__Task directions__
Go to the line in the data below that contains "橋本Pochi(アメリカンショートヘア)1". Write it out exactly, along with every later line through the last, and nothing else.

__Information supplied__

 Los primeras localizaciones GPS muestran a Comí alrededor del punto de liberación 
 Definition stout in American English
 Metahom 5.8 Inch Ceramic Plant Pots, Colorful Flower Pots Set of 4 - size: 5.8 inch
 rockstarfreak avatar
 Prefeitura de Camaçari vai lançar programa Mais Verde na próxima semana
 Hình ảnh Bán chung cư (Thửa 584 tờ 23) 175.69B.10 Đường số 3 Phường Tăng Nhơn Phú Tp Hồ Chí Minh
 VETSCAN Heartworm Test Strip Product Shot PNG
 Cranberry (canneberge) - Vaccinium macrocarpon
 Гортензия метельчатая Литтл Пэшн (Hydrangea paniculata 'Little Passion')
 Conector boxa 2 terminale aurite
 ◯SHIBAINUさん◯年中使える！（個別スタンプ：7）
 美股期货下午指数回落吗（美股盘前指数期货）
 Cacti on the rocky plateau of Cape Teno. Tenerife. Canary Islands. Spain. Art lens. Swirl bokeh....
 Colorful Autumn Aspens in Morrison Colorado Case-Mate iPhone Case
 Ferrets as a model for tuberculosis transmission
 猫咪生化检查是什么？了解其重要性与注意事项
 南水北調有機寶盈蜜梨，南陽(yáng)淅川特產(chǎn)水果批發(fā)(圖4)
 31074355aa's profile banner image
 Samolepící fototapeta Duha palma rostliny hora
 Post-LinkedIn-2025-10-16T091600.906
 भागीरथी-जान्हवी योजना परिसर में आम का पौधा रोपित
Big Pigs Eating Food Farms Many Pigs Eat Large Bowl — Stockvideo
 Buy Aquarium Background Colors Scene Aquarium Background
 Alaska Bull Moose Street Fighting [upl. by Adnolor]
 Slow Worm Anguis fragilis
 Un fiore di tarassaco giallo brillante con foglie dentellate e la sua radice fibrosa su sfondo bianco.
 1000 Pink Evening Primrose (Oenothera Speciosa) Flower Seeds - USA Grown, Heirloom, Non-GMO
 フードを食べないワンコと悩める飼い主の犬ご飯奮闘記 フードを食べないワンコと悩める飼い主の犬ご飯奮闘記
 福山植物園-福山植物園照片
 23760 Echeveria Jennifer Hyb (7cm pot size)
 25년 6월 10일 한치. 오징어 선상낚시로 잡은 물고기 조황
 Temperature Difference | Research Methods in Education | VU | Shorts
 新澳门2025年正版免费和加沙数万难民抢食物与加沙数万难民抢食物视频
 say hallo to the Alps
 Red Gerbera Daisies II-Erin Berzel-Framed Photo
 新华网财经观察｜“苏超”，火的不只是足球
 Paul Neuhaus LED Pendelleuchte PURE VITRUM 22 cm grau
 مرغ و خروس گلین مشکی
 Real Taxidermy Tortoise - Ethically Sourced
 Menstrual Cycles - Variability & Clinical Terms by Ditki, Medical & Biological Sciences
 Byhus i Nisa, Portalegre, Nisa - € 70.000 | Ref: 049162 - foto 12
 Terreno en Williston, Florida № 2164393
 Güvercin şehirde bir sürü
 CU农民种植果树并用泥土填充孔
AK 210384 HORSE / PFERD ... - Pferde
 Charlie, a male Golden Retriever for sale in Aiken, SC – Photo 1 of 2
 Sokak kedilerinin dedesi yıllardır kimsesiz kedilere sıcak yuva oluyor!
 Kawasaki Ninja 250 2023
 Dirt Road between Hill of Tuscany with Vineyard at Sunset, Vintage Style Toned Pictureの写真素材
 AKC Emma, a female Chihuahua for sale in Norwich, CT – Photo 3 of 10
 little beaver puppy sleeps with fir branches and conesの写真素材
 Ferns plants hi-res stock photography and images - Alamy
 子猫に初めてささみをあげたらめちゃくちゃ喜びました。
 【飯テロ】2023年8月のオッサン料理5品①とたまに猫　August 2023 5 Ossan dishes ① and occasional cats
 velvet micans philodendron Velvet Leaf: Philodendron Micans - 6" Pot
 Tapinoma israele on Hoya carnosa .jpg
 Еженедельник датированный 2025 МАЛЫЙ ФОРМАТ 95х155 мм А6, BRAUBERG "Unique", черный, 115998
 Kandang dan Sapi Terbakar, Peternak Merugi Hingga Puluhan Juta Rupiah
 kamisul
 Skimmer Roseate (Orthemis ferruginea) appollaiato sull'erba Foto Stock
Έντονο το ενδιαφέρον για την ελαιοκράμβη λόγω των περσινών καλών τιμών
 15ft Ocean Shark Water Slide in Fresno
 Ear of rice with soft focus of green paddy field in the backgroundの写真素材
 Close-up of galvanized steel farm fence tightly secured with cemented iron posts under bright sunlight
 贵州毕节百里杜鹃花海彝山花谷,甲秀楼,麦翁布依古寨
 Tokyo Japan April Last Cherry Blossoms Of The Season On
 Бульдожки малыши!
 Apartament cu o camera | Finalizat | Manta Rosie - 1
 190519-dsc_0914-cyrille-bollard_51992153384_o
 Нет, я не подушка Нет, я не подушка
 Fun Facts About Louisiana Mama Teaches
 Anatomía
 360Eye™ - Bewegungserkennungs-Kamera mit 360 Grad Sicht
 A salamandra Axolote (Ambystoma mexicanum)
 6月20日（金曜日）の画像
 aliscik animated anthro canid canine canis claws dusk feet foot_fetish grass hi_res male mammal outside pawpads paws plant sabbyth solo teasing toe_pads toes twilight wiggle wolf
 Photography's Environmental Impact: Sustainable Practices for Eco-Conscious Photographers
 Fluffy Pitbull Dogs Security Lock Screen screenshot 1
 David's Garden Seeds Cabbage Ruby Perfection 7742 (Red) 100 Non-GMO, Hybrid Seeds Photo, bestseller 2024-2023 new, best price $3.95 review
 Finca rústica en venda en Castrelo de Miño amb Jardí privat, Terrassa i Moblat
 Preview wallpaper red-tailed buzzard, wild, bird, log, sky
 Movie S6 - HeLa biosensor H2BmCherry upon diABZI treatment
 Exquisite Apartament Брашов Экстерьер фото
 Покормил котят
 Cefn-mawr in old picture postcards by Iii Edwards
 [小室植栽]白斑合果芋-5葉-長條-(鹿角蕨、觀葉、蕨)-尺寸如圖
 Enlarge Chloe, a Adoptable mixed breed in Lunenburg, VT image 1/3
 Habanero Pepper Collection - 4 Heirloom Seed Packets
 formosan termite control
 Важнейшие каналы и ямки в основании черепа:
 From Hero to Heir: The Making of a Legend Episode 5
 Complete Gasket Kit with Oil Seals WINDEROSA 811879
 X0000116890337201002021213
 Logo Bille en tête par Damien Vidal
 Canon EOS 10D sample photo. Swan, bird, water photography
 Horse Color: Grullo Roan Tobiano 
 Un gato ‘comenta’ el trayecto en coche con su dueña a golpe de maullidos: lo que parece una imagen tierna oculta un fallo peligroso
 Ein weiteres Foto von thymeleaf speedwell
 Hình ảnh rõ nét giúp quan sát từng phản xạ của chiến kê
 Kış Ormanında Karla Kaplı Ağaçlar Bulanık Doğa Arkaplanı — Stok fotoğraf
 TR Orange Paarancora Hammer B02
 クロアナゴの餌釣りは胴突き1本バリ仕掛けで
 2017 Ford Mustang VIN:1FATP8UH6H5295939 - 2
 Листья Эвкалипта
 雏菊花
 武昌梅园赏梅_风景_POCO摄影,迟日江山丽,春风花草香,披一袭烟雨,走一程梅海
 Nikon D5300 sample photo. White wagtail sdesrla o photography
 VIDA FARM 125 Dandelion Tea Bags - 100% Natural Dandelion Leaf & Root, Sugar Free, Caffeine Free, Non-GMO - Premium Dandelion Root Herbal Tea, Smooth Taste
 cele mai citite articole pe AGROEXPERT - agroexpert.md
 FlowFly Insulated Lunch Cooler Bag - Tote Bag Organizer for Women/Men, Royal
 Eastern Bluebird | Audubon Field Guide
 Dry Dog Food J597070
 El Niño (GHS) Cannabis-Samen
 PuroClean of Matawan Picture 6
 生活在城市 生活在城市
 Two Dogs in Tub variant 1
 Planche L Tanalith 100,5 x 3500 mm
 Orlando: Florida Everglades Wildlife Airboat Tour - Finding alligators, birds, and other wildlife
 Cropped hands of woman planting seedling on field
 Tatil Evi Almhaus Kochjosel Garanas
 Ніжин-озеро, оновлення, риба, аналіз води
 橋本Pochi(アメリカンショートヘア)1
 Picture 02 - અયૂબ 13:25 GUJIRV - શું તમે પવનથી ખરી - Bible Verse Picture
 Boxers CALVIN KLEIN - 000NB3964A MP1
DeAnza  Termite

__Solution below__
 橋本Pochi(アメリカンショートヘア)1
 Picture 02 - અયૂબ 13:25 GUJIRV - શું તમે પવનથી ખરી - Bible Verse Picture
 Boxers CALVIN KLEIN - 000NB3964A MP1
DeAnza  Termite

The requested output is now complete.